Si è aperta con i consueti saluti istituzionali l'edizione 2026 della Borsa Internazionale del Turismo che, quest'anno dal 10 al 12 febbraio, porterà il mondo del turismo ad incontrarsi a Rho Fiera Milano. Due padiglioni, sempre meno rispetto alla gloria degli anni passati, dove è possibile trovare un bel pezzo di Italia e ancora quello che resta delle nazioni europee e internazionali che ancora credono nella piazza italiana.
Ad aprire la 46esima edizione è il Presidente di Regione Lombardia Attilio Fontana, che parla con entusiasmo dei numeri in crescita del turismo lombardo: + 6% frutto, secondo il presidente, dei grandi investimenti su trasporti, servizi, strutture e che fa ben sperare per la definitiva uscita di Regione Lombardia dalla destinazione only business.
La Presidente del Consiglio Comunale di Milano, Elena Buscemi, esalta la capacità di accoglienza straordinaria che la Milano olimpica sta dimostrando. Non si tratta più di una città vetrina ma, secondo la presidente, di un capoluogo che nel 2025 ha accolto 10 milioni di visitatori, grazie al lavoro e alle sinergie sviluppate in questi anni.

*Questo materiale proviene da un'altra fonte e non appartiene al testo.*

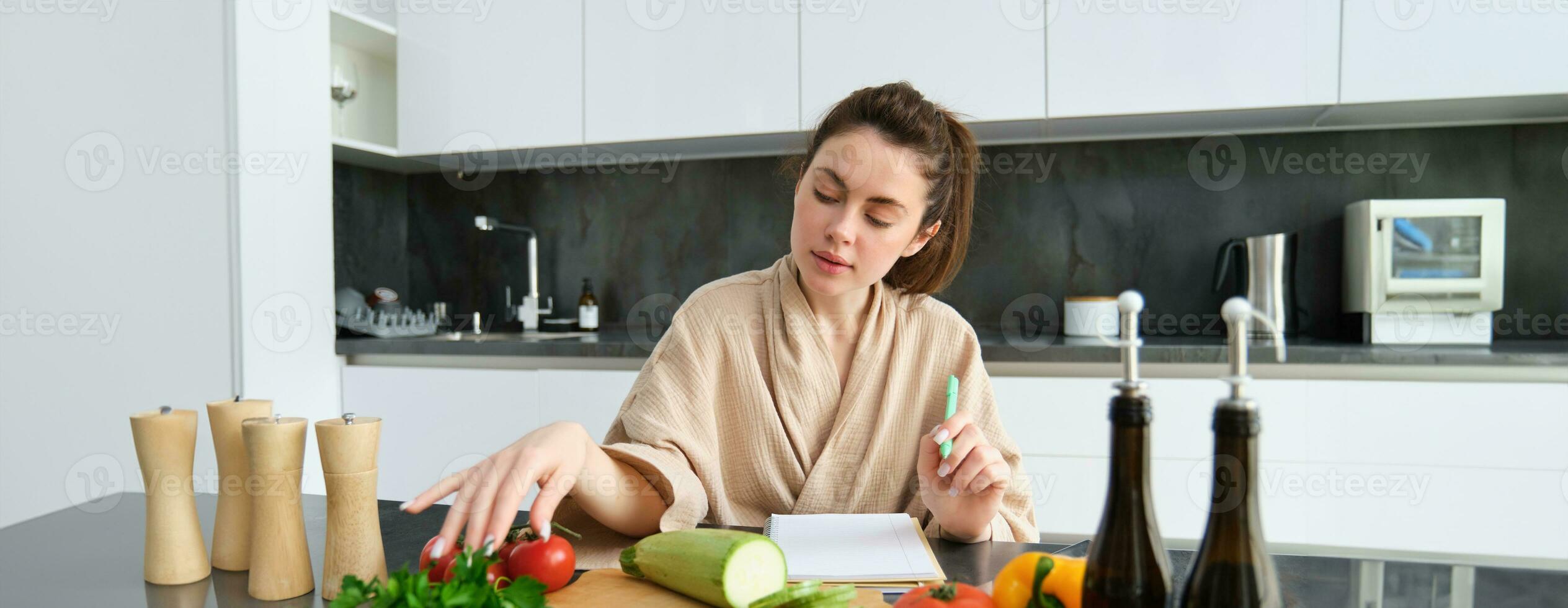 Portrait of woman cooking in the kitchen, sitting in front of vegetables, tomatoes zucchini and parsley, making list of groceries, writing down recipe, wearing bathrobe photo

A fare gli onori di casa, il Vicedirettore generale di Fiera Milano Roberto Foresti e il Presidente di Fondazione Fiera Milano Giovanni Bozzetti.
Foresti si concentra sulle Olimpiadi e sostiene che lo sport sia un segmento turistico che crea ponti, valore, pil, e un impatto economico per 5,3 miliardi di euro, 2,5 milioni di turisti per una spesa di 1,1 miliardi di euro.
Giovanni Bozzetti parla di Fiera Milano come sistema fieristico al centro del mondo che si è arricchito per le Olimpiadi del Milano Ice Park, un impianto temporaneo allestito per le gare di pattinaggio di velocità e alcune partite del torneo di hockey che, dopo l'appuntamento sportivo internazionale, diventerà uno spazio per eventi tra i più grandi d'Europa. Parlando di Bit invece sostiene si tratti di uno spazio di qualità in cui si racconta lo stile di vita italiano, dove si conosce il mondo per costruire ponti di pace. Le sue parole quasi sorpendono.
E' poi la volta della Ministra del Turismo Daniela Santanchè che afferma che il compito del governo sia quello di creare le migliori condizioni per far lavorare gli operatori del turismo e anche lei dà qualche numero: 80 milioni le presenze turistiche in Italia, 3 milioni gli occupati del settore, 185 milioni la spesa turistica.
L'Italia, continua la ministra, con le sue 8.000 destinazioni turistiche, dovrebbe avere come primo obiettivo la destagionalizzazione, stando attenti a non minare l'integrità delle comunità locali, il turismo non deve essere predatorio. Sostiene che l'Europa dovrebbe mettere a disposizione delle risorse per il turismo, come sia necessario combattere quello che definisce il “nanismo” aziendale e, in chiusura, annuncia la nascita della prima scuola di alta formazione per hotellerie. Durante il suo intervento fa un appello contro le manifestazioni e il dissenso: “Oggi dovremmo indossare tutti la maglia della nazionale italiana”. Fine dei saluti.
Mentre la Ministra si aggirava tra gli stand per portare personalmente i suoi saluti, accolta ovunque con grandi sorrisi, arrivava la notizia dell'ennesimo avviso di garanzia per bancarotta fraudolenta di una delle sue società. Nessun dissenso.
Benvenuti alla Bit. Benvenuti in Italia.